The case of the disappearing tax havens
Within five days, the blacklist was declared empty. Countries had been able to get off the blacklist simply by promising to co-operate with the OECD's hopelessly inadequate standards. Eurodad explores the issue here. As they noted:
"It is worrying that while the G20 have called for sanctions against tax havens, none has been announced yet. Paradoxically it is rather the other way round: tax havens seem to be dictating the way the OECD should operate."We would tend to concur. The OECD has now produced a new, squeakier-clean tax haven list. The blacklist remains empty. The 38 has been reduced to just nine.

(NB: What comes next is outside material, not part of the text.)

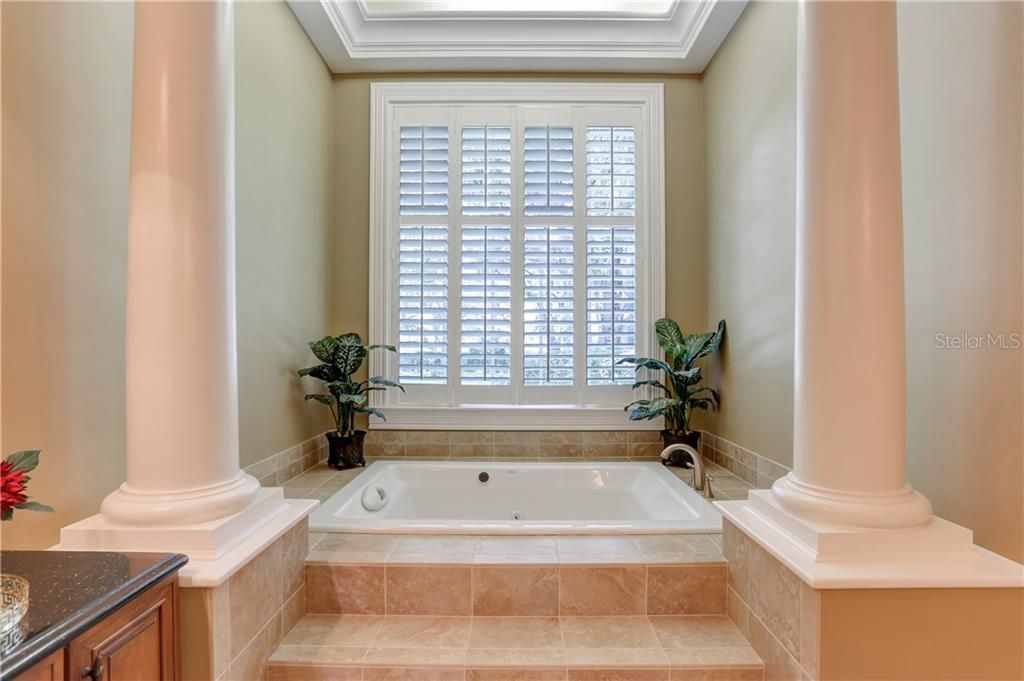 Недавно продано: $2,000,000 (6 спален, 6 ванн, 6459 Квадратных фут)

These nine represent, according to IMF data, less than two percent of total trade in cross-border financial services. John Christensen, TJN's director, said:
"This tells us that the OECD have now given carte blanche - that is, white-list treatment - to 98 percent of the global market in offshore financial services. Are they really trying to tell us that the offshore problem is almost solved?"Now get this. The G20 originally declared a vague intention to apply sanctions to jurisdictions that did not co-operate. Presumably this referred to the blacklist, but we would argue that a far broader set of jurisdictions deserve sanctions. Anyone for Panama?
And what does the OECD now say about sanctions?
"Neither the Global Forum nor the OECD has the power to impose sanctions on countries that do not implement the standards. Individual countries whether OECD or non‐ OECD will decide for themselves what actions they consider necessary to ensure the effective enforcement of their tax laws. The G20 has produced a list of potential measures based upon an analysis provided by the OECD."
In other words, sauve qui peut. Or, more prosaically, business as usual.